The CIRC noted its approval of two deals which admitted foreign insurers as shareholders in Chinese insurance companies, Winterthur’s equity stake in Tai Kang Life, and Zurich Financial’s investment in New China Life.
Industry regulator Ma Yongwei added that insurance intermediaries weren’t being left out either. “Altogether, the CIRC has approved three brokers, 33 professional agents and three loss adjusters, all filling market vacancies,” said the announcement.
The news comes as negotiators in Geneva are drawing closer to an agreement leading to China’s entry into the world trade body this year. The negotiations still have a ways to go.

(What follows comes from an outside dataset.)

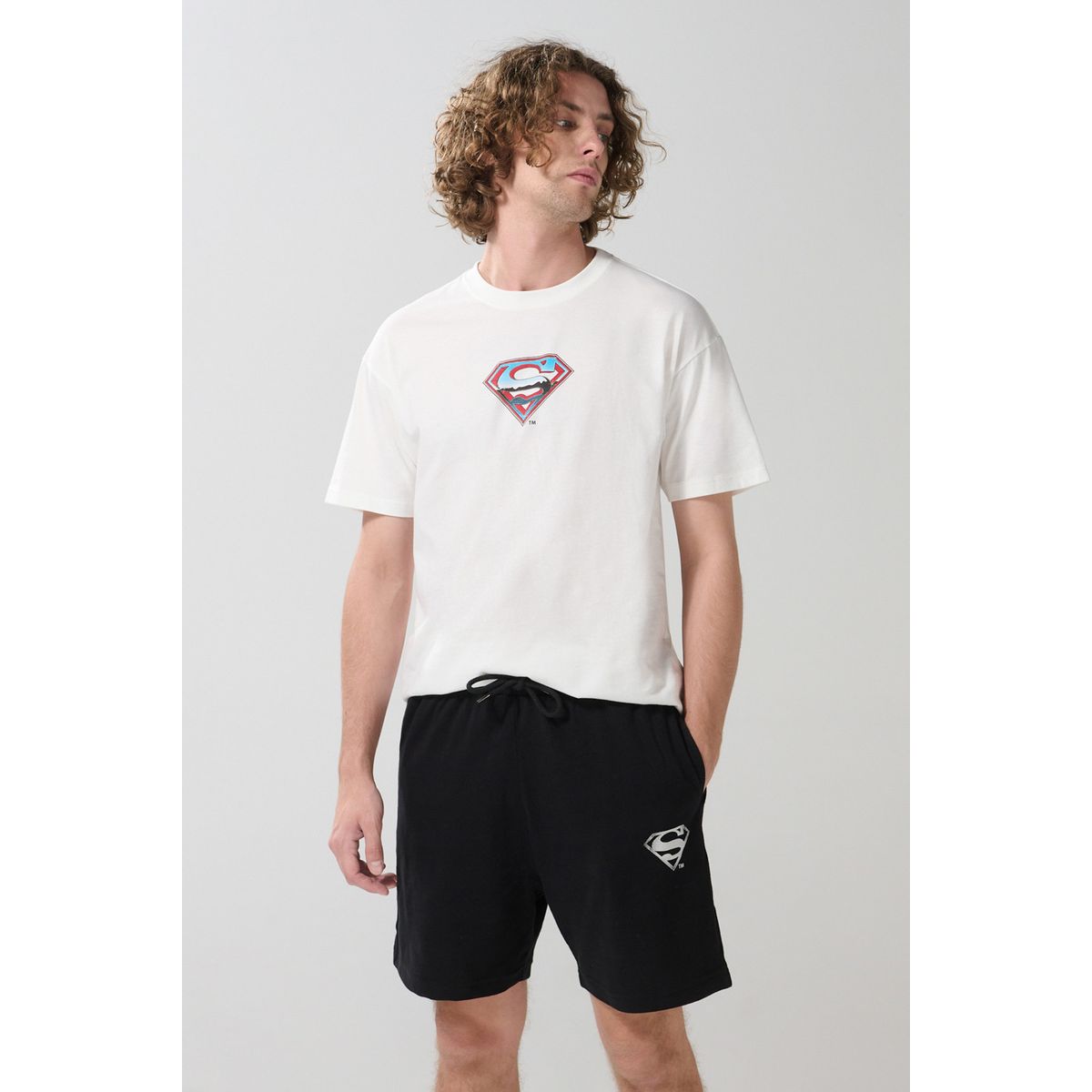 KOAJ - KOAJ Bermuda negra con bolsillos laterales y diseño de Super Hombre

Although China has agreed to phase out most subsidies, it insists on being classified as a “developing nation” as far as its agricultural sector is concerned. This gives governments the right to subsidize up to 10 percent of their agricultural output.
China has an estimated 900 million small farmers, and its representatives insist on the measure to protect China’s agriculture. In other developments Groupama, France’s second largest multi-line insurer, repeated its interest in entering the Chinese market, and confirmed that it had applied for licenses to form a joint life venture with a Chinese company, and to set up a wholly owned p/c company.
Mass Mutual announced that it was in negotiation with Mercuries & Associates, a Taiwanese department store chain, to acquire a stake, rumored to be around 30 percent, in the company’s privately owned life insurance subsidiary.